Podcast 38: Family Dinner And A School Bus: Roots of the Food Work of Sisters Nicole Breazeale and Becca Self
In middle school, Nicole Breazeale rode the bus from Morton Middle School to her family's home on South Upper Street, and learned that children her age did not have enough to eat. They certainly did not have the kind of spectacular garden-fresh food her mother grew and both her parents cooked nearly daily and for countless special meals with guests. After a few more years of school, Nicole became Dr. Nicole Breazeale, assistant professor of sociology at Western Kentucky University's Glasgow campus. Nicole credits her middle school experiences with accelerating her commitment to justice and fairness.
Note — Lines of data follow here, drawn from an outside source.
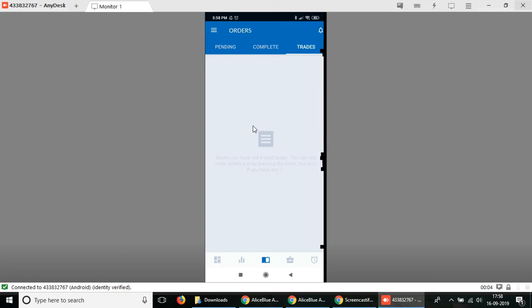Right now since this is a demo ID, it's currently empty here. But if you execute any orders, if you buy any stocks or sell anything, it'll be showing here and you can keep track of your trade history.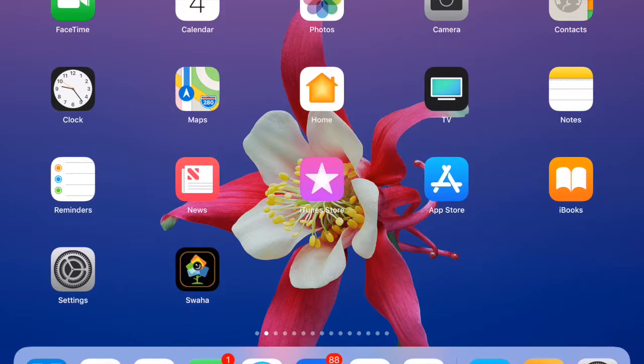Hi everybody, this is Betsy with Bridging Apps and I wanted to show you the app called Audible today.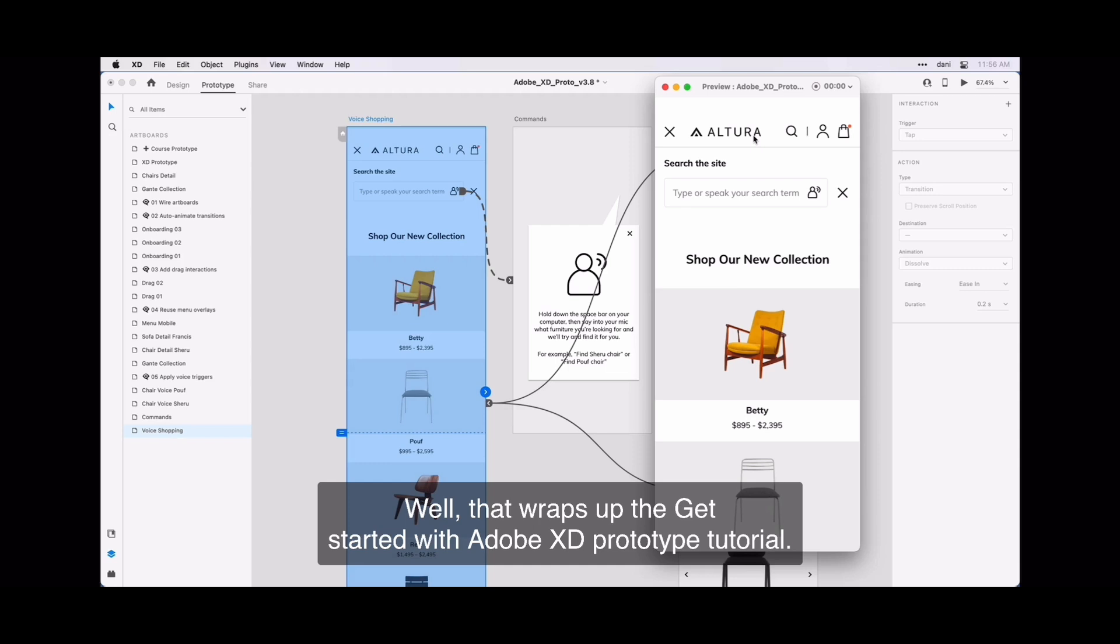Well, that wraps up the Get Started with Adobe XD Prototype Tutorial.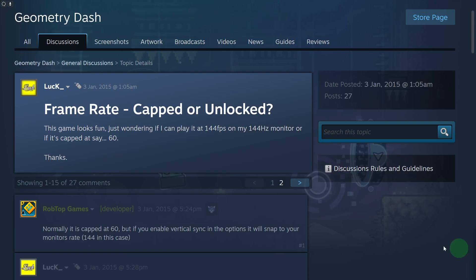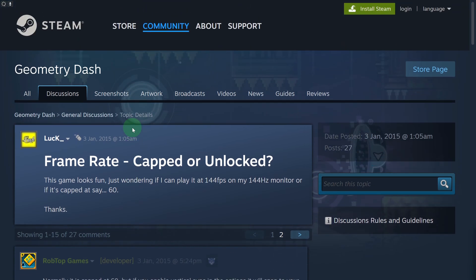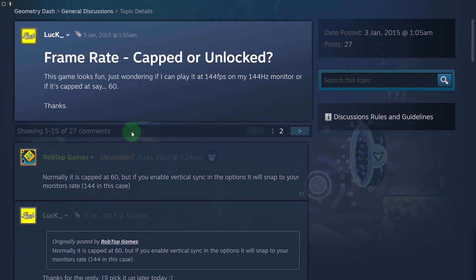Hi everyone, and welcome back to another video. Today we are going to be discussing how to change FPS in Geometry Dash. Let's assume that you are trying to play the game but you are suffering with low FPS — this is the guide for you.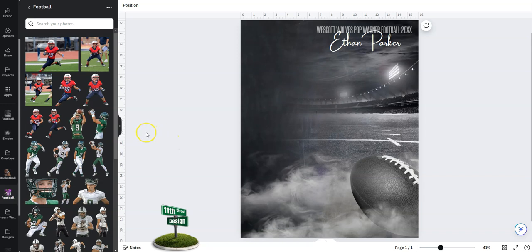Hi folks, Sonia from 11th Street Design here. Today I want to show you how to use our sports templates in Canva.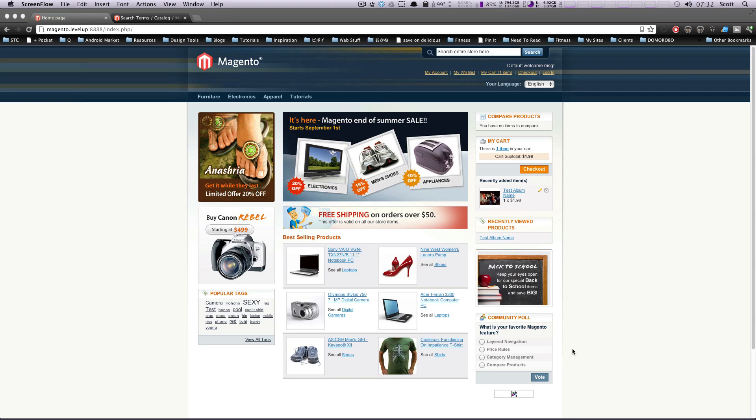Hey, what's up? This is Scott with Level Up Tuts, and today I'm going to show you how to manage reviews and ratings on your site.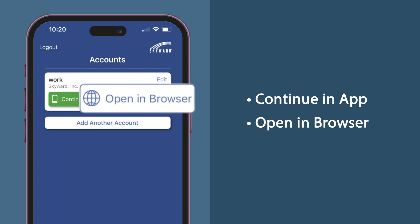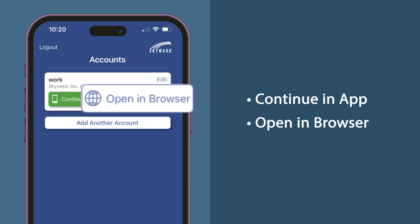The open in browser option gives you quick access to features only found in the desktop version of Skyward that are not available on mobile. So now you have access to the entirety of Skyward on your mobile device.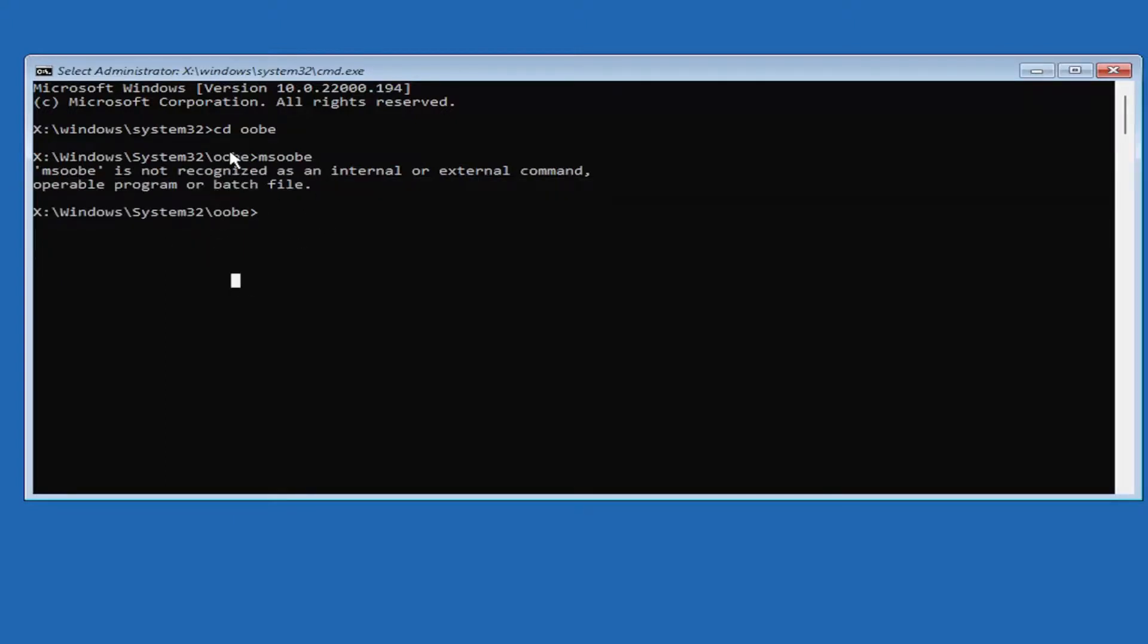But in your case, it should go ahead and actually open up the welcome screen to select the country, region, language, and so forth.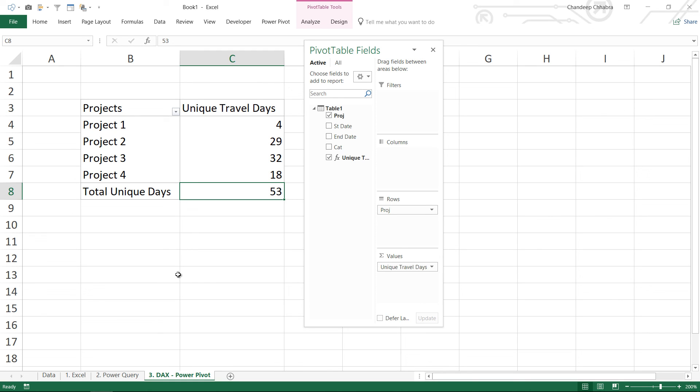Alright, those were the three solutions to the problem that I gave. My personal favorite is the DAX solution. Do let me know in the comments which one do you like the most, and in case you were to solve the problem, how would you tackle this problem using Excel, Power Query, or Power Pivot? Thanks so much for watching this. You take care of yourselves. Bye-bye.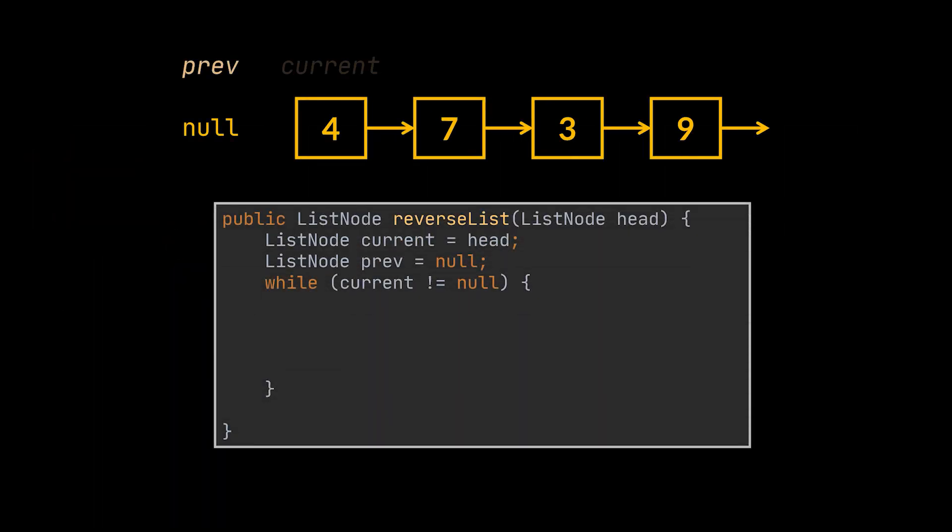This node also represents the next node of the tail of our reversed list, which is supposed to be null. So the new next node of the current node or head will be that previous node, which starts as null.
She says, "A lot of the work I'm doing in my classes is to try to bring community projects into those classes." And her students have developed intriguing community projects that involve food. She introduces us to Project Breaking Ground in Glasgow, Kentucky, and we'll have her back to go deeper into that story.
Nicole's younger sister Rebecca says "We were really fortunate to grow up eating good food. And sharing good food." Becca says she grew up making daily mental notes about what she could contribute when the family gathered during the evening meal and asked each other, "What did you do today?"
Becca traces her work as leader of FoodChain to that sense of connection and belonging at the family table. During the show, she described some of the ways FoodChain works to forge new links between fresh food and community.
Such rootedness and sisterly sweetness in this show! Enjoy listening.